THE DATA:
>>>
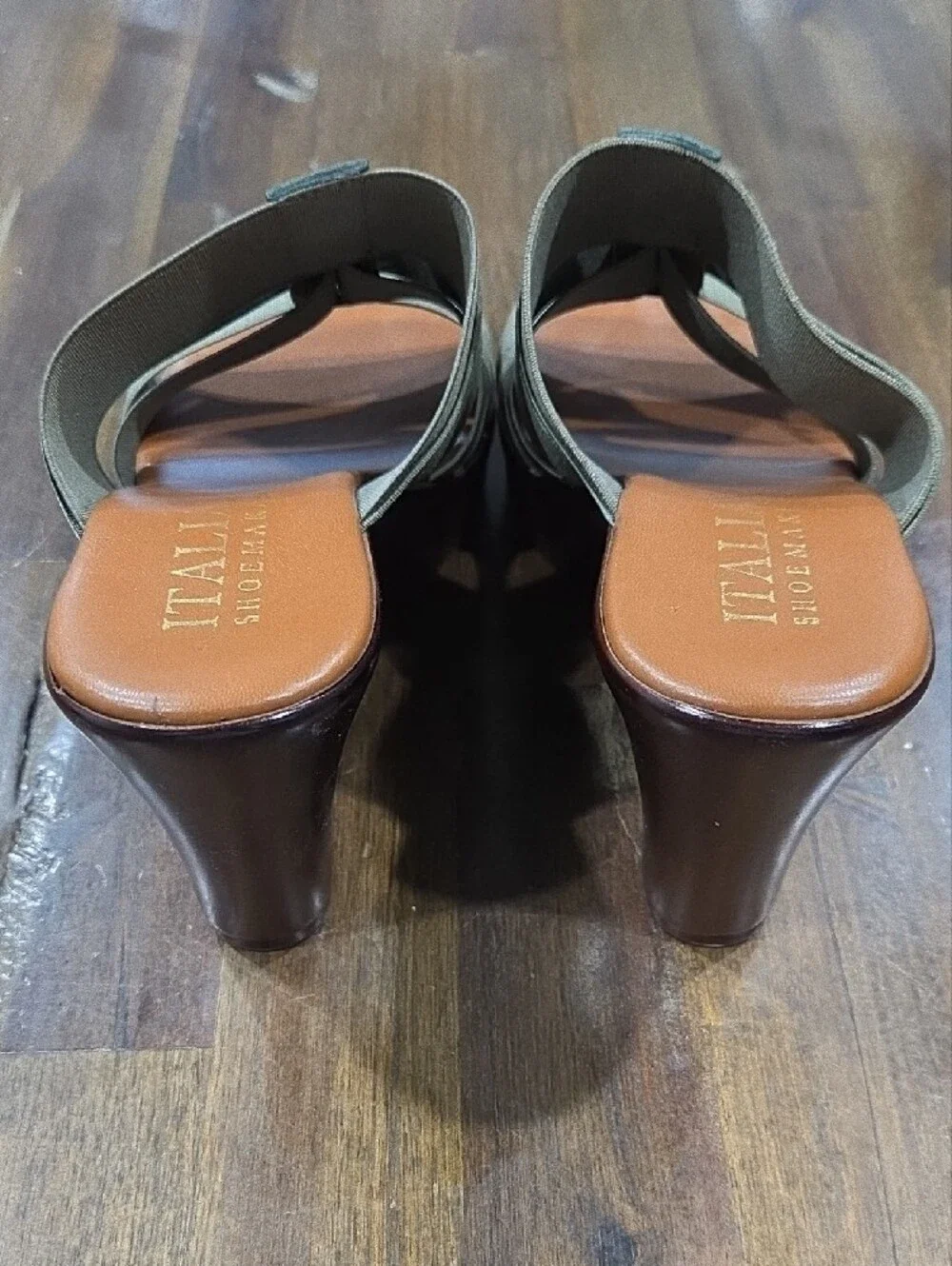 Italian Shoemakers Olive and Tan Crossband Wedge Sandal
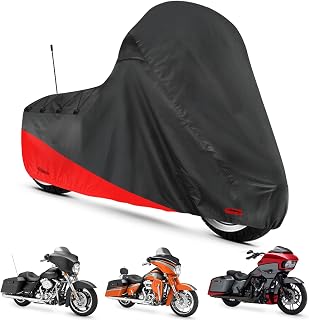 Motorcycle Cover Black-Red fit for Harley Davidson Road King Road Glide Street Glide Electra Glide Low Rider-ST All Weather Indoor Outdoor Protection UV Resistant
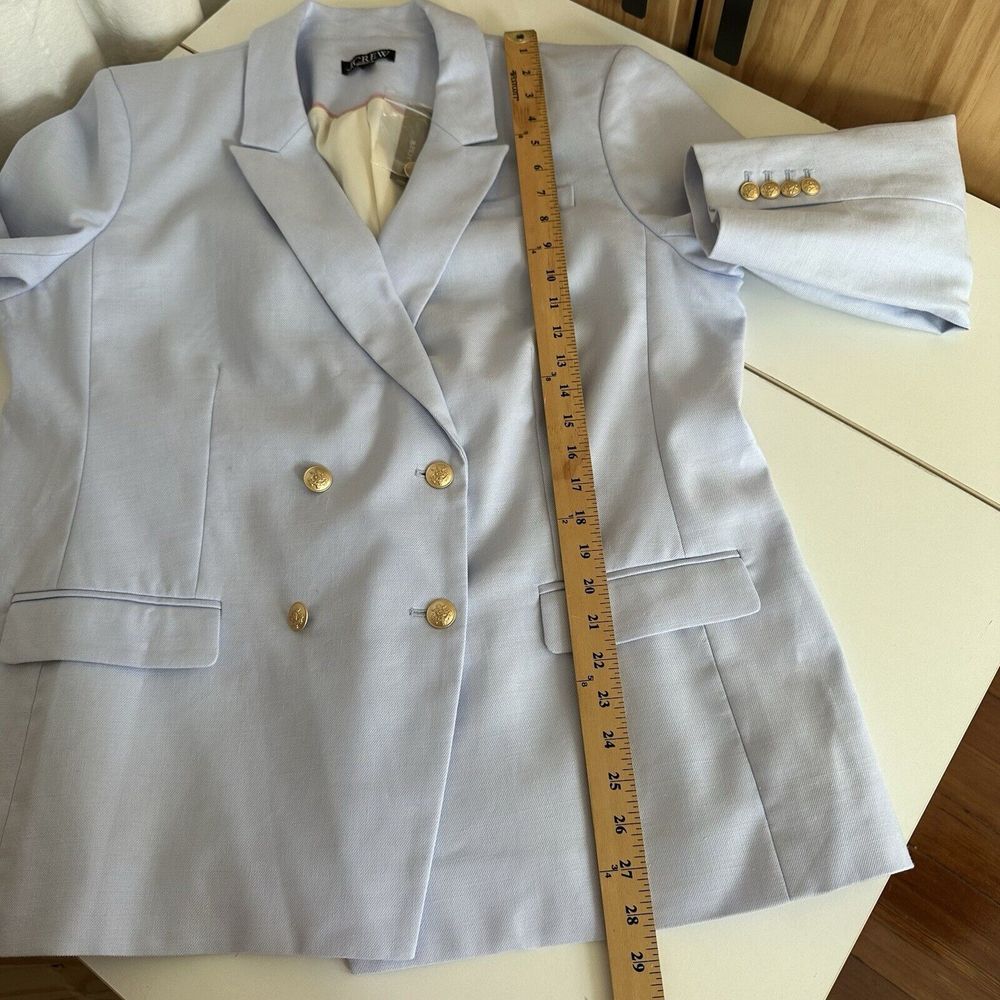 NWT 2024 J Crew Greta Blazer Stretch Linen Blend 18 PeriBreeze Blue Gold Button‎ - Picture 7 of 16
<<<
WORK REQUEST: Working from the line that contains "Motorcycle Cover Black-Red" to the last line of the listing, please quote each line exactly, pictures excluded.

TASK RESPONSE:
 Motorcycle Cover Black-Red fit for Harley Davidson Road King Road Glide Street Glide Electra Glide Low Rider-ST All Weather Indoor Outdoor Protection UV Resistant
 NWT 2024 J Crew Greta Blazer Stretch Linen Blend 18 PeriBreeze Blue Gold Button‎ - Picture 7 of 16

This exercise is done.